→ SOURCE MATERIAL:
◇ ◇ ◇

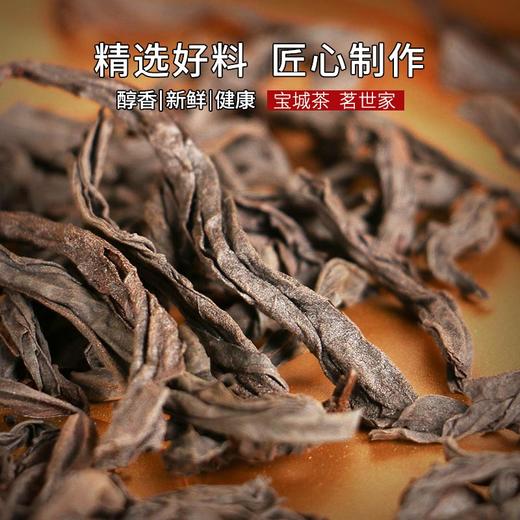 宝城 A930老枞水仙500g罐装茶乌龙茶 商品图5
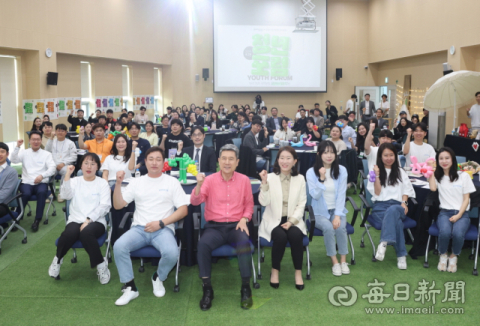 포항시 청년도전지원사업 선정…국비 5억1천만원 확보
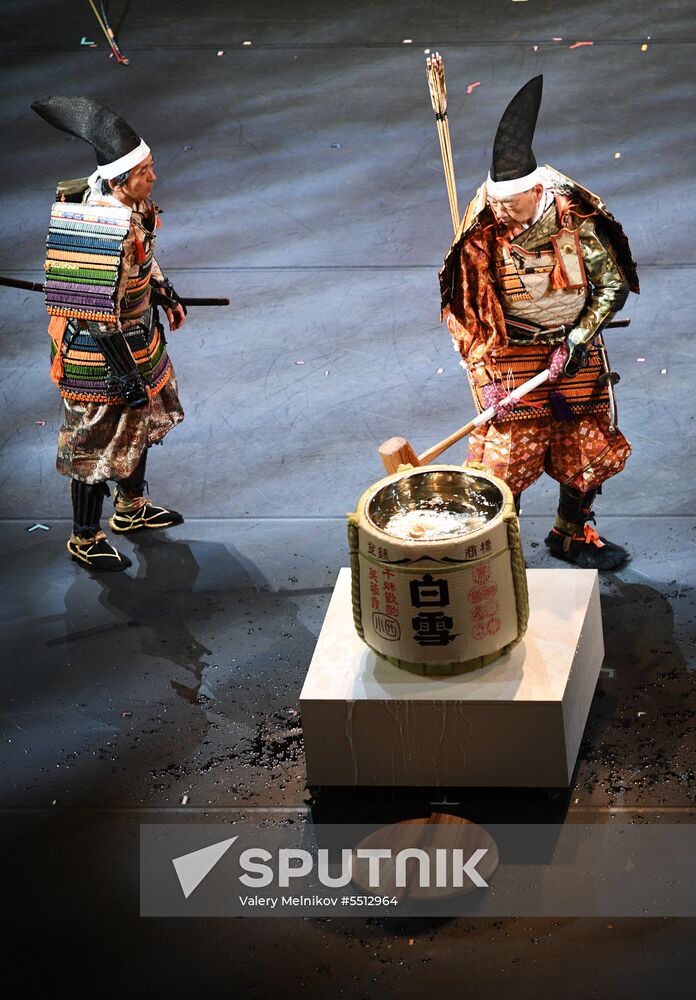 Year of Japan in Russia starts in Bolshoi Theatre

◇ ◇ ◇

→ PROMPT: With images omitted, retype the data word for word.

→ SOLUTION:
 宝城 A930老枞水仙500g罐装茶乌龙茶 商品图5
 포항시 청년도전지원사업 선정…국비 5억1천만원 확보
 Year of Japan in Russia starts in Bolshoi Theatre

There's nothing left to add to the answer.